We have been down at the sea for the last month. We have no London address, neither of us caring for the place, where no one left me an house and where I have not the least intention of buying one.

Having at this time, as mentioned above, no London residence, Lord and Lady Bute spent their year chiefly between Cardiff and Mountstuart, with occasional visits to Dumfries House, for which Bute had always a particular affection. The stay at Cardiff after their marriage was unexpectedly prolonged owing to Lady Bute being laid up there with scarlet fever, while he had the misfortune to break his arm. As soon as they could travel they went to Mountstuart for the autumn and winter, and Bute dictated thence the following letter, the last sentence of which illustrates the curious displeasure with which, notwithstanding his theoretical and archæological admiration of monastic institutions, he always received the news of any friends of his own entering a religious order:[[9]]

Mountstuart,
September 23, 1872.

You will perceive by the handwriting that I am still incapable of using my right hand, which is, indeed, tied up with a piece of wood. I am glad to say that my Lady is now very nearly well; and I trust that her escape from the climate of Cardiff will soon complete her recovery.

The quiet routine of my life here is the same as formerly. My Lady plays the harmonium in our little chapel: we venture on nothing more than hymns, and get along pretty well.

The histories one hears from Rome seem all to be so "cooked" to suit the varying views of people who retail them, that one really feels quite uncertain as to how things are going on. I am told that there is an Italianising party among the Cardinals, from which much trouble may be expected in the event—may it be very far distant!—of the election of a successor to Pius IX.

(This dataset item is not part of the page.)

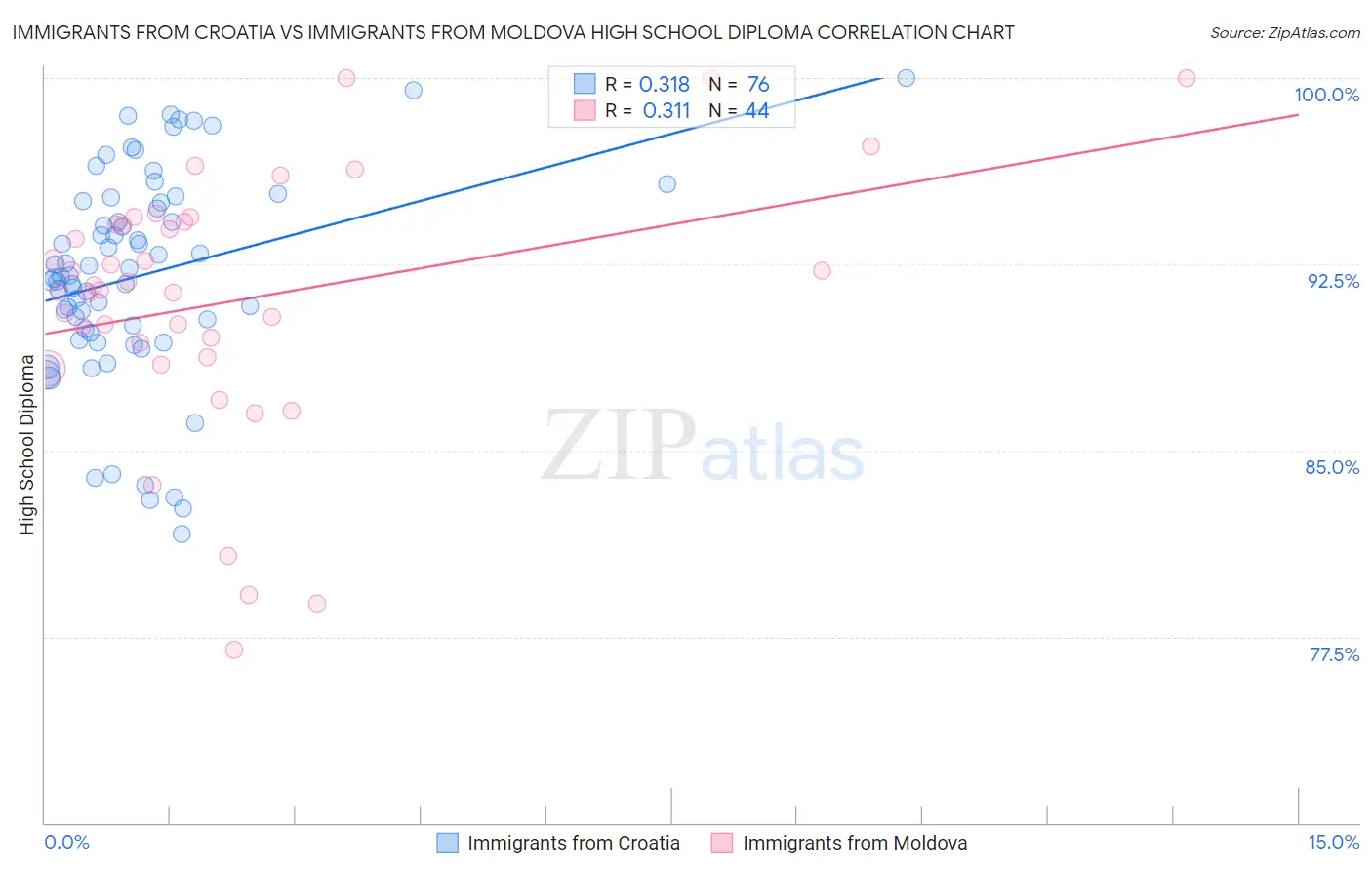 Immigrants from Croatia vs Immigrants from Moldova High School Diploma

I greatly regret to report that H—— G——[[10]] in a convent as a Redemptorist novice. I can only say that I most sincerely trust, as far as I lawfully may, that he may soon find that he has made a mistake.

1873, Oxford revisited

The reference to the learned Jesuit Father MacSweeney in the following letter, written to his old Oxford friend in the spring of 1873, shows that Bute was now entering on what was to be the most considerable literary work of his life, namely, the translation into English of the entire Roman Breviary.